Is health screening or treatment always a good thing? We asked leading experts to examine the scientific evidence behind popular treatments, including acupuncture and prostate screening, so you can make the right choices for your health.
There’s a growing body of scientific concern that some testing is overdiagnosing patients – finding medical problems that may never cause harm, but can lead to an unnecessary diagnosis and avoidable distress.
But we also know that many lives are saved by early detection and appropriate treatment. So – from diagnostic tests to complementary and paid-for treatments – how do you make an informed decision that’s right for you?
Which? members can read the full article about the six treatments our experts examined in the latest issue of Which? and in our online archive. If you’re not a Which? member, sign up to Which? for £1 to read the article online and get access to our full product reviews – ranging from blood pressure monitors to TVs.
Here are five key things you need to know about health treatments:
1. Not all health screenings are completely accurate
It may sound obvious, but no treatment or screening is perfect. It’s up to you to weigh up the pros and cons.
For example, when it comes to bowel screening – carried out using a stool-testing kit called the faecal occult blood (FOB) kit – a positive result could mean one of several things. For every 1,000 people who take the test, 20 have a positive result and probable further investigations (colonoscopy). Of these:
- Nine of these will turn out to have a normal bowel (‘false positive result’),
- Nine will have bowel polyps,
- Two will have bowel cancer.
So a positive FOB result does not equal bowel cancer and can mean further investigations, which carry a small risk. And some bowel cancers will be missed (a ‘false negative’ result).
In the UK, these kits are sent out every two years to 60 to 74-year-olds (50 to 59 in Scotland). If you have symptoms, such as a persistent change in bowel habit, don’t wait for screening – see your GP.
2. There’s not always evidence that a common health treatment works
The dental scale and polish has been around for a long time, so you’d expect there to be evidence that it works, right? Not necessarily.
There’s good evidence that it benefits the 10 to 20% of us with severe gum disease and can help prevent tooth loss, but it’s not so clear for the rest of us.
There are big trials due to report back in 2017, but until then you might like to ask your dentist whether the treatment is necessary.
3. Health screenings do not provide a simple answer
The simple but controversial prostate screening Prostate Specific Antigen (PSA) blood test is a good example of this. It detects PSA, which is secreted into the bloodstream by the prostate gland, because the PSA level is often raised in men with prostate cancer.

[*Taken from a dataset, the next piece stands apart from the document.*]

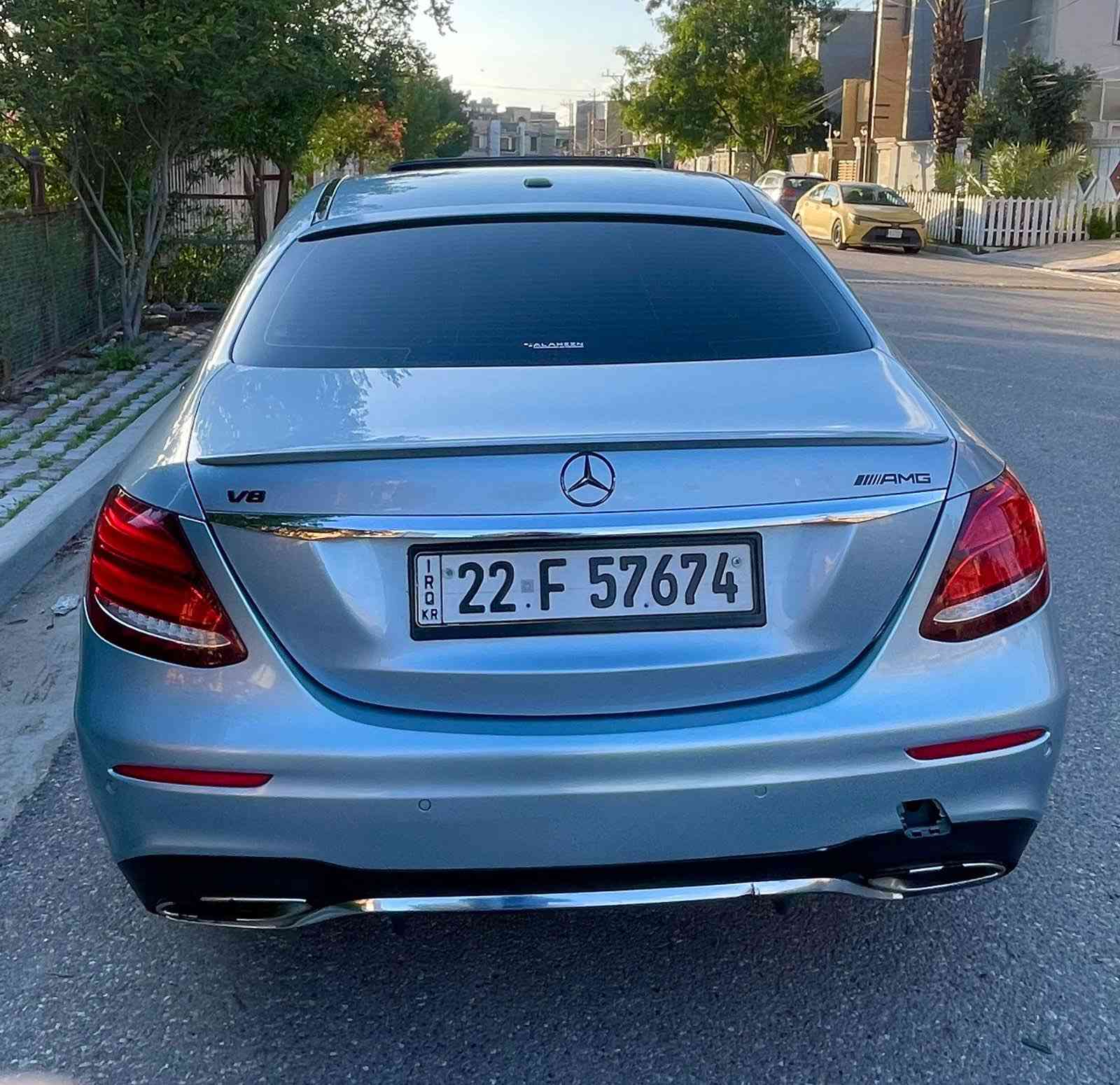 سلام عليكم للبيع فقط مارسدس E300 وارد امريكي موديل 2018 حادث بنيد وبابين صفحه الصدر ماشيه 67 الف عليهه سيررفس كامل ايرباك دركه وبرده السياره مضلله بالسنويه رقم اربيل فول موصفات محرك 2000 تيربو مكاني بغداد الدوره سعرهه 22500 بيهه مجال بسيط ***********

But the research studies our experts examined don’t come to the same conclusions on whether prostate screening and testing reduces death from prostate cancer and benefits those who have it.
4. Complementary therapies: your world view matters
If you have complementary therapies, such as acupuncture or chiropractic, you’ll be aware that some of the benefits may be due to placebo or non-specific effect – such as the attention of a caring acupuncturist.
But whether you still believe it works, and would choose to have it, depends very much on your world view. For example, you might take the view that it doesn’t matter what the active ingredient is: if a complementary therapy works for you, then it works.
5. The numbers count
When deciding whether to have a treatment, you’ll want to ask about the numbers. For example, GP surgeries can offer dementia screening to those over 75 (over 60 with particular conditions such as high blood pressure or heart disease).
But our experts say that we don’t really know if this screening works. The problem is with its accuracy.
- If six in 100 of the population has dementia, our current tests would correctly pick up four of them,
- Miss two who do have dementia,
- And tell another 23 perfectly normal people that they potentially have dementia, with associated distress.
What you should do
Which? editor Richard Headland said: ‘The evidence for having common health treatments or screening isn’t always conclusive so it’s important to get as much information as possible before making a decision, and talk to a health professional about the risks and benefits for your personal situation.’